Overfitting & regularization - Brother in Arms

Over-fitting

One of the issues which coder generally phase is to ensure their model doesn’t over-fit or under-fit. Now, it's not an easy task because you don’t have a specific answer for this question. However, there are multiple tools like your experience and ML literature, which equip you to come up with good answer (not the best one !).

Let’s talk about scenario with one feature variable where we have used two models to predict the output.

Consider the below models:

Model 1 – Y_Pred_Model1

Model 2 – Y_Pred_Model2

Which model you think is better?

To answer this question there are multiple concepts working in parallel. I can easily see model 1 is showing zero loss and in fact coincides with the actual output (red dots). Where as model two is more spread out the values. Model 1 seems to be the clear winner as its showing zero loss but it is really the case ?.To be honest, answer is not specific right now because we need more information. There comes the concept of regularization, which is way to ensure your model doesn’t over-fit. What do you mean by this?

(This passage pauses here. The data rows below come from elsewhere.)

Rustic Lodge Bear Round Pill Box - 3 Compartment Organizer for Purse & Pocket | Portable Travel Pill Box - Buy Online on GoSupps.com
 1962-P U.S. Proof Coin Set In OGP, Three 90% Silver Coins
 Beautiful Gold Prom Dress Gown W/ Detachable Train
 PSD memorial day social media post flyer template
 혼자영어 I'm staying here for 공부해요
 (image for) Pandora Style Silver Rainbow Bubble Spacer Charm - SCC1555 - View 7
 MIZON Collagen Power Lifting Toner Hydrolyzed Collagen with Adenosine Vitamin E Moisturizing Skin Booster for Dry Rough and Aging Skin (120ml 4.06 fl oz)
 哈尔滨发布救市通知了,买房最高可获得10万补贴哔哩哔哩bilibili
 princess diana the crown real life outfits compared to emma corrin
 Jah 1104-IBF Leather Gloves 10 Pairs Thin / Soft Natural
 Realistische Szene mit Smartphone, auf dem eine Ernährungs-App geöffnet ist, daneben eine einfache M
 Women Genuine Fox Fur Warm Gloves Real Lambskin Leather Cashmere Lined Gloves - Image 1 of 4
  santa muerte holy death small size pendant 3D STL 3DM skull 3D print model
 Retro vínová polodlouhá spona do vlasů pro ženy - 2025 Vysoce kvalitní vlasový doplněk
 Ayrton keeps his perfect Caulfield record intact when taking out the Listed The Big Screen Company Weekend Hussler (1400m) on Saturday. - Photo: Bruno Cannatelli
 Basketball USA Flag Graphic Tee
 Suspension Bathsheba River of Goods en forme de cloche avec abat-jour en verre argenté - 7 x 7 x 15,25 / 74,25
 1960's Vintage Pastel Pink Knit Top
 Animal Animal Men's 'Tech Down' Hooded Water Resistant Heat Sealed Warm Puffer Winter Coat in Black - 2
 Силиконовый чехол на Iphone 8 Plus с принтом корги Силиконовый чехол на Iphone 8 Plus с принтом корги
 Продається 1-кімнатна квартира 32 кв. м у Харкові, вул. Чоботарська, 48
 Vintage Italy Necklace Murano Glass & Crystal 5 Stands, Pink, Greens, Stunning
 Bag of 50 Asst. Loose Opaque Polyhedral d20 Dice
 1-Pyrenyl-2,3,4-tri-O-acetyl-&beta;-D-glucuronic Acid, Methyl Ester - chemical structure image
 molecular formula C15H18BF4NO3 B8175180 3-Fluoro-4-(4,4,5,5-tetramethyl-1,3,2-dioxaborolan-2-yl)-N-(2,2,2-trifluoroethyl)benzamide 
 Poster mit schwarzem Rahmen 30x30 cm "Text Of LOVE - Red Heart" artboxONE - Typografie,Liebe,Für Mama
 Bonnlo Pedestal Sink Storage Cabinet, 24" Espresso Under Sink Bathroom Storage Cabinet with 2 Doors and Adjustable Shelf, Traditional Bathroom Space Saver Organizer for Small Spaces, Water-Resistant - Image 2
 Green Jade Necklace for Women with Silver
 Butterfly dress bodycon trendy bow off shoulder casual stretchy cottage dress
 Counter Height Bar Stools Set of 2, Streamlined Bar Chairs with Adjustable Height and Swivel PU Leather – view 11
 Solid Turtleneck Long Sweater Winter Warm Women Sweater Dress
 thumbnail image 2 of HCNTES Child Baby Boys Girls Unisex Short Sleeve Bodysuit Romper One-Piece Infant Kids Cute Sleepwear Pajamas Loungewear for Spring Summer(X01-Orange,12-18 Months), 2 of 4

Consider, you are teaching a 2-year-old and you teach the baby how to identify dog and a sparrow. However, baby doesn’t know how a zebra would look like. So, when the baby sees zebra, baby might say it’s a dog because baby know about four-legged animal but not about any other variant from the animal kingdom.

Regularization

Interesting part in the above example is that baby has classified the data (Animal) even though baby has not really seen that data point. This is generalization which ML/DL algorithm find hard to achieve. We often, include the regularization parameter in our loss function and find a trade-off between bias and variance. Few examples:

1. In case of Tree based algorithms, we prune the trees to avoid over-fitting or may be tune the depth etc.
2. In Ridge and lasso we use L1 and L2 regularization to avoid over-fitting.

Ideally, whenever one model the data, they keep different splits of data sets. Let’s say, I have 1 million data points about I need to classify text into n number of categories. One would split the data into test and training set. And then further split training set into validation set (refer cross validation which can help you choose parameters like C in SVM or ideal split ratio or bandwidth parameter in Locally weighted regression). One would train the data and check out its accuracy on test set and then conclude whether the model over-fits or under-fits. Few ways which i use are:

1. Check the deviation between the training and test accuracy
2. Check loss curve highlighting both training and test loss with every epoch.
3. Tweak hyper-parameters, dropout probability.
4. Data distribution analysis of training set and out of sample data sets.

Like i said in the beginning, one of the most important tool to come up with good model is your past experience across domains, which enable you to tweak your strategies and come up with better performing models.

Caveats

Please note that above strategy doesn’t ensure your model is good even if you find the model performance on both train and test data set. Why? because here we have one colossal assumption that the data set of 1 million data points represent the overall distribution. Personally, I have seen situations where my model is working well on all the splits but in "out of sample" data sets it was “bad”. I have encountered these situations while I was working in social media analytics space.

Hence, it is very important to analyze the data and perform strong EDA on the data set. Best way is to may be use multi-gram approach and check out the distributions of data sets and make sure they are not completely different. If they are different then you need to get in touch with the data procurement stakeholder and understand the data.